_Exercise aim_
Pictures are to be left out. Copy exactly, and only, the lines from the start of the entries below to the line with "deutschland grundlegend neu", both included.
= Beginning of Section =
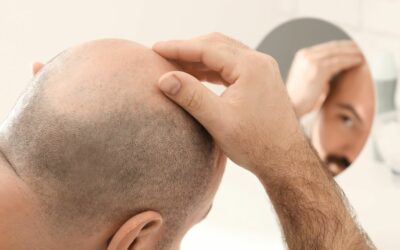 Trapianto capelli Turchia: convenienza ed innovazione ora disponibili in Italia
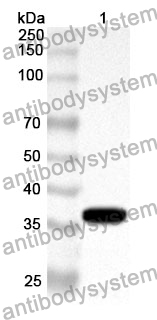 Anti-DKK3 Polyclonal Antibody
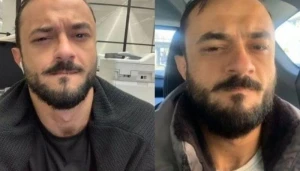 Koronavirusa yoluxan azərbaycanlı gənc: "Heç vaxt belə ağrı hiss etməmişəm"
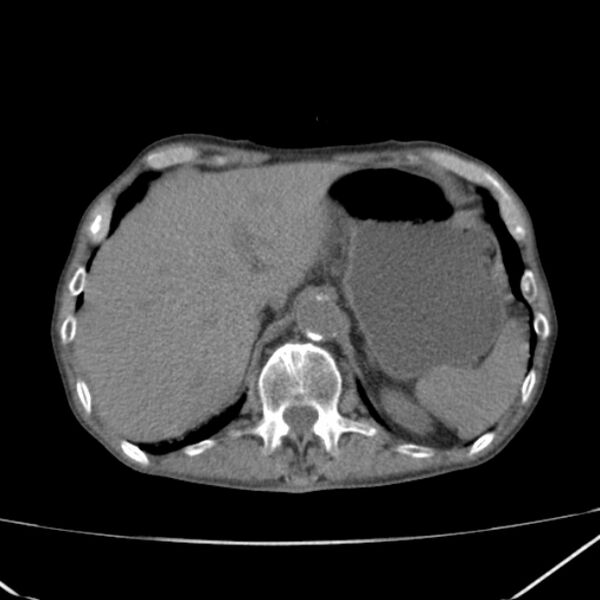 File:Abdominal aortic aneurysm (Radiopaedia 23703-23856 Axial non-contrast 11).jpg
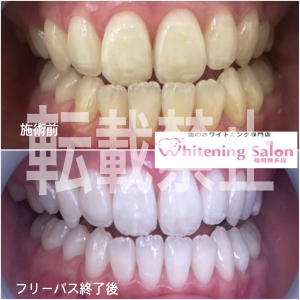 【歯はどんな役割？】福岡博多/ホワイトニング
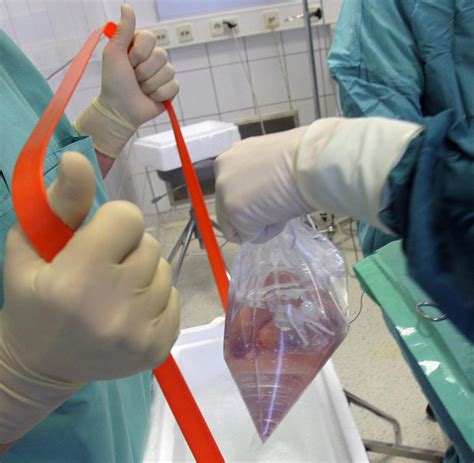 transplantationsgesetz organspende  deutschland grundlegend neu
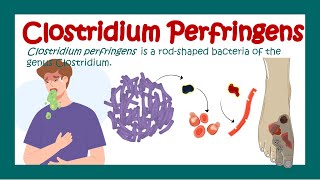 Clostridium Perfringens  Gas gangrene  What is the treatment for Clostridium perfringens [upl. by Harmon]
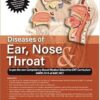 DISEASES OF EAR, NOSE & THROAT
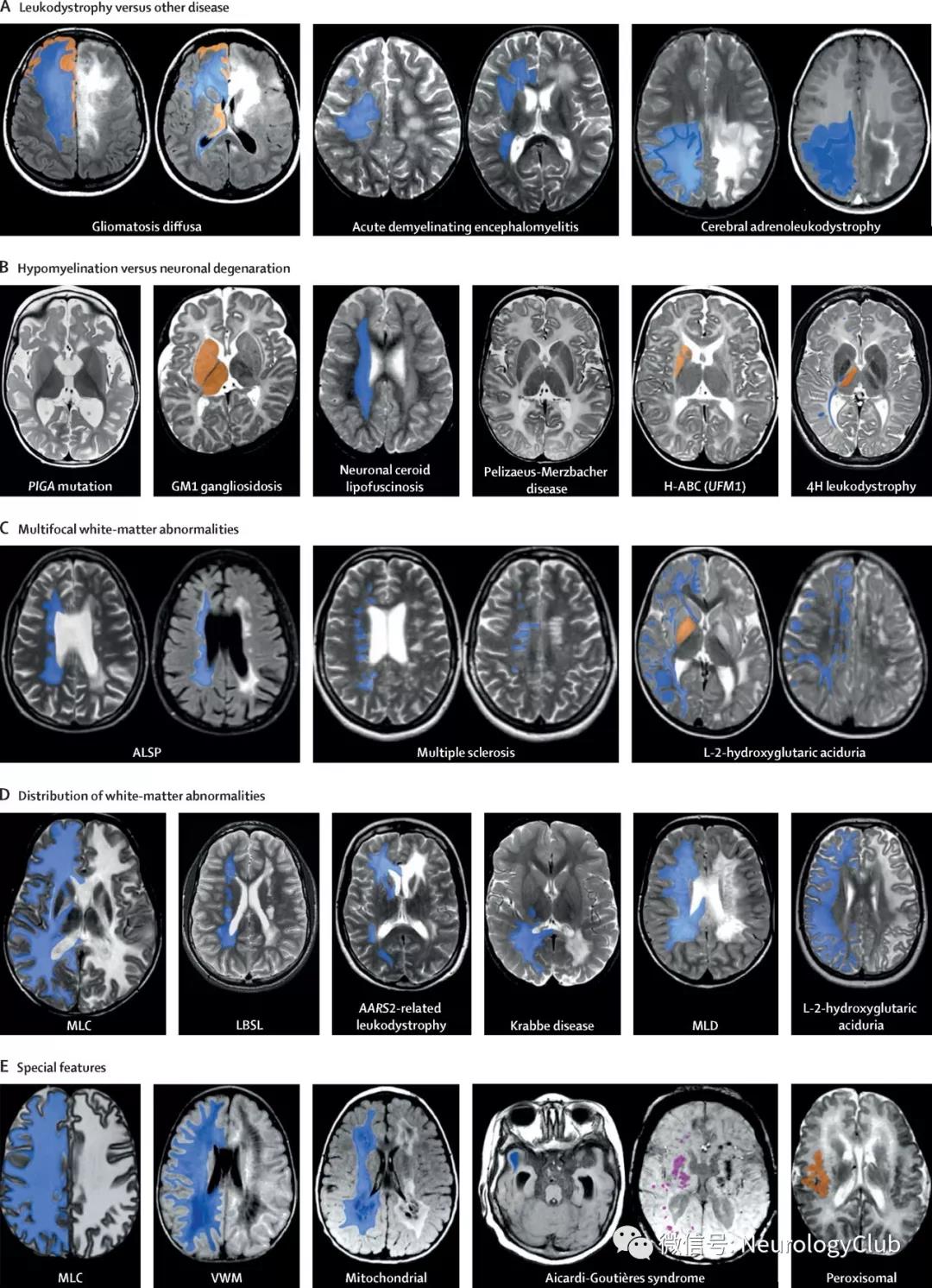 脑白质营养不良的mri诊断策略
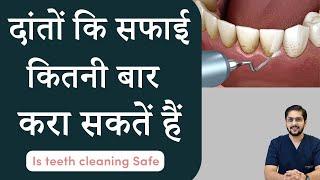 दांतों कि सफाई कितनी बार करा सकते हैं  Is dental cleaning safe for teeth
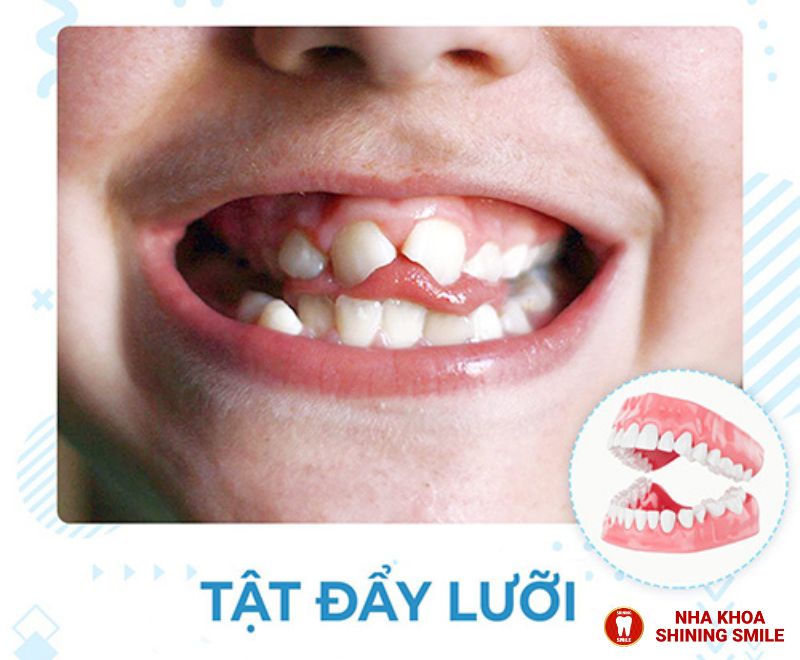 Niềng Răng và Nhổ Răng Số 8: Liệu Có Nguy Hiểm?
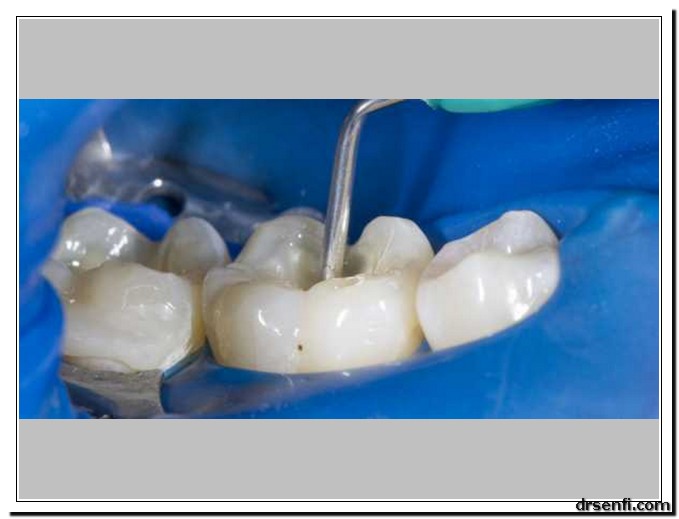 درمان ریشه دندان در کلینیک دندانپزشکی دکتر صنفی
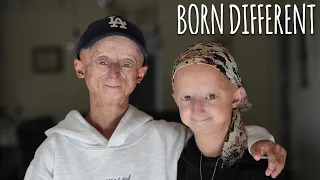 The People Who Age Too Fast | BORN DIFFERENT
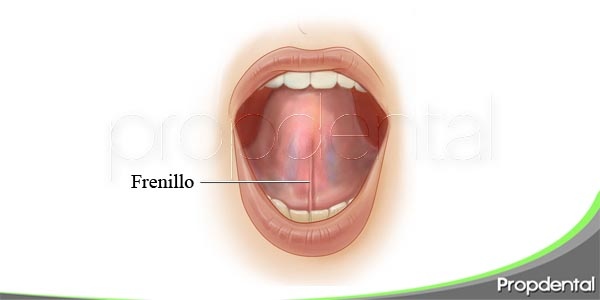 anquiloglosia o frenillo lingual corto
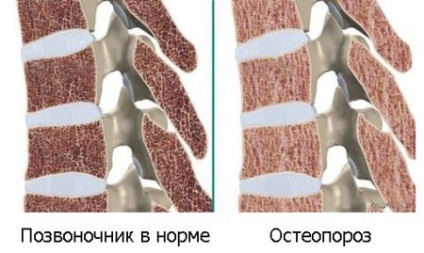 Csontritkulás gyermekeknél (yuvenialny) okai, tünetei, kezelése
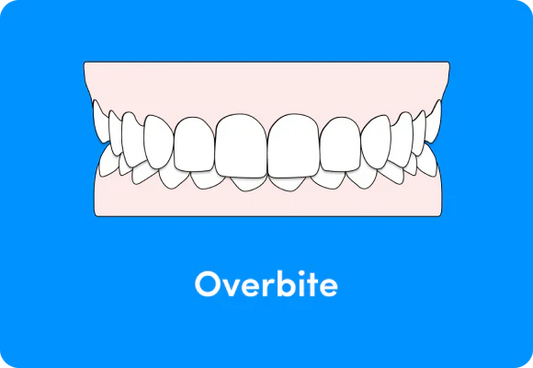 An illustration showing an overbite.
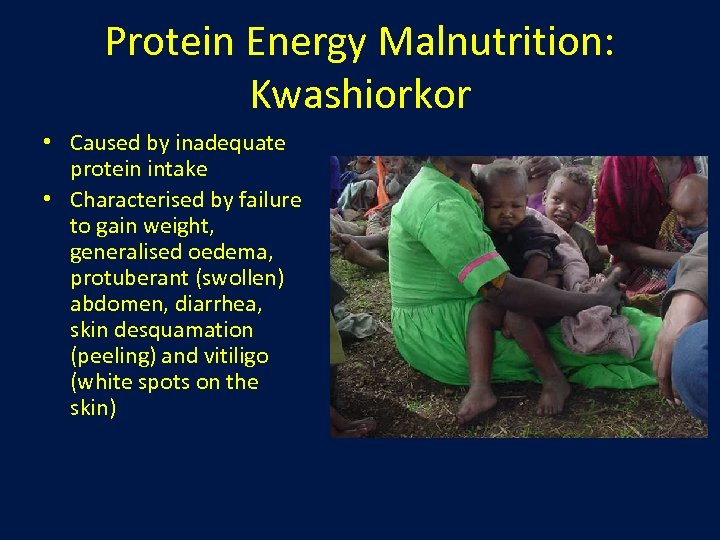 Protein Energy Malnutrition: Kwashiorkor • Caused by inadequate protein intake • Characterised by failure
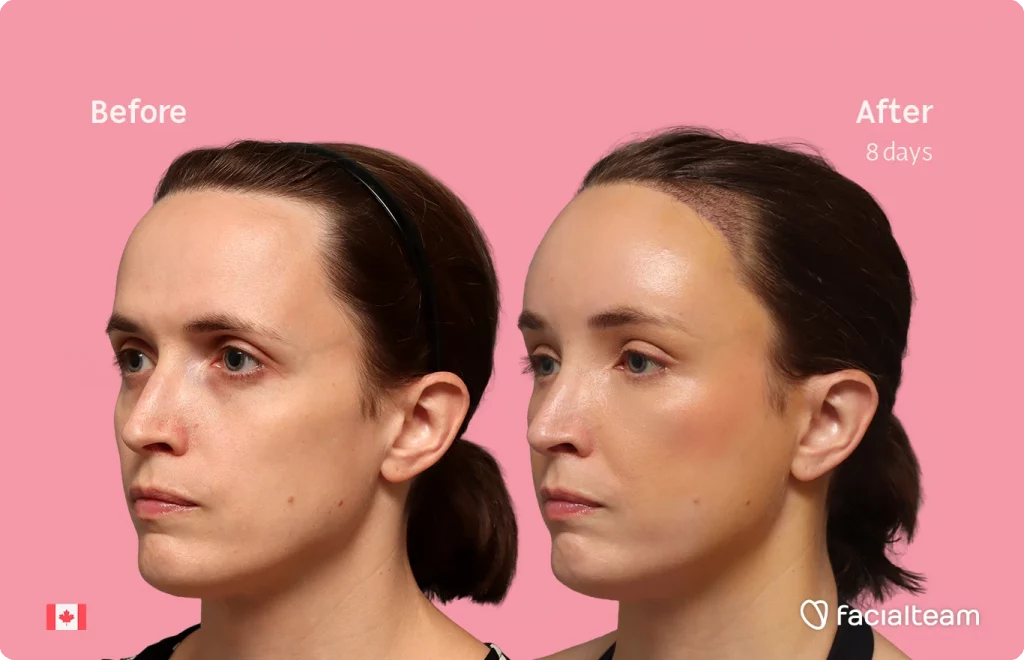 Schrägaufnahme des linken Profils von Erin, die ihre Vorher-Nachher-Transformation der FFS mit Facialteam zeigt: Stirn mit SHT.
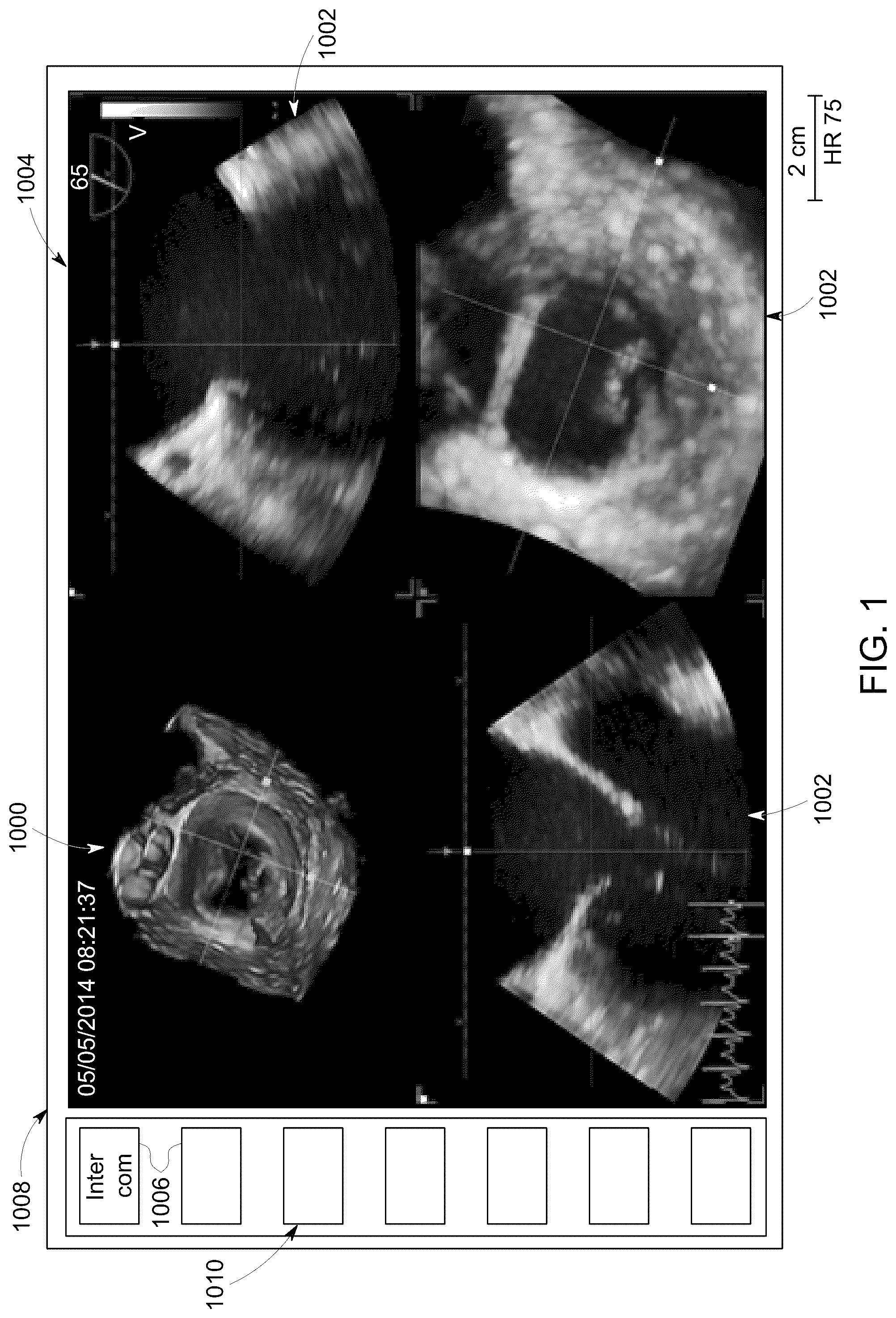 Patent US12307556 — Automatic model-based navigation system and method for ultrasound images — Figure 1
= End of Section =
_Completed task_
 Trapianto capelli Turchia: convenienza ed innovazione ora disponibili in Italia
 Anti-DKK3 Polyclonal Antibody
 Koronavirusa yoluxan azərbaycanlı gənc: "Heç vaxt belə ağrı hiss etməmişəm"
 File:Abdominal aortic aneurysm (Radiopaedia 23703-23856 Axial non-contrast 11).jpg
 【歯はどんな役割？】福岡博多/ホワイトニング
 transplantationsgesetz organspende  deutschland grundlegend neu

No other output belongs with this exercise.